Dolphin doesn't show up in my normal list of apps so I have to open ES first to open it. Kind of a pain.

Also, the 1Mobile site is a little weird. Not the greatest grammar and then one part of the marketplace app is all in Chinese or something. Is it safe to use this site? I am ultra paranoid about that sort of thing. I am used to Apple products and feel reasonably safe usually, but not sure with Android.


----------



## Betsy the Quilter

Ann in Arlington said:


> Huh.
> 
> This morning, I just went to 1Mobile via my "app" and d/l'd and installed both Maxthon and Dolphin. In both cases, I tapped download. Without going to find it I got the install confirmation page. I tapped 'install'. (This is pretty normal on non-Fire android devices.) Then, once installed I get a message that it's done so and do I want to open it. I opened both and they both worked just fine.

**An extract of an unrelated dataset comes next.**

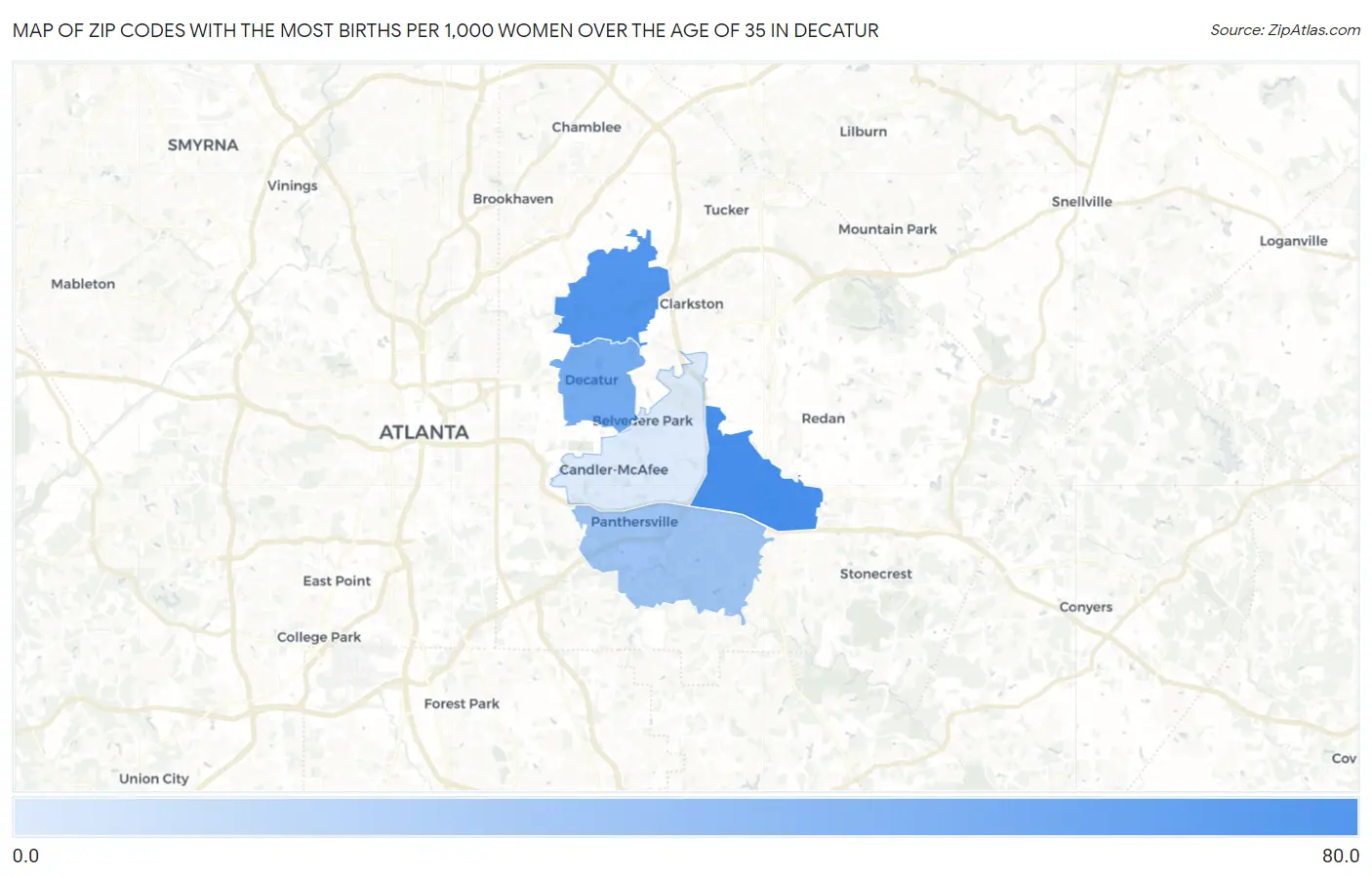 Zip Codes with the Most Births per 1,000 Women Over the Age of 35 in Decatur Map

Installing the apps once 1Mobile was installed wasn't a problem. Getting 1Mobile installed (this time) seemed to be a problem. I'm not sure what changed.

And you used to be able to change the default browser; if you have multiple browser installed, when you do something that requires a browser, you should be prompted to select which browser you want to use, and at the bottom of that prompt is a check box to set whichever browser you use as the default browser. That doesn't seem to be working on my Fire HD, still playing with it.

Betsy


----------



## Betsy the Quilter

I should have posted the link, here it is for anyone else:
ES File Explorer

Hmmm. I've not seen those problems? And Dolphin does appear in my list of apps. Off to check 1mobile, which is supposed to be very safe.

Betsy


----------



## Ann in Arlington

I haven't noticed any non-English issues with 1Mobile either.  It actually looks a LOT like Google Play! 

All the apps I've gotten from there do show under "Apps".  Be sure you have 'device' selected as they won't be in the 'Cloud' which are Amazon only.


----------



## Betsy the Quilter

Here's what 1mobile looks like to me and my list of apps









above, home page I see using the app. Below, an overview of the form by genre.

















my list of apps, Dolphin is right center, top row.

Sent from Killashandra, 
my Kindle Fire 4G


----------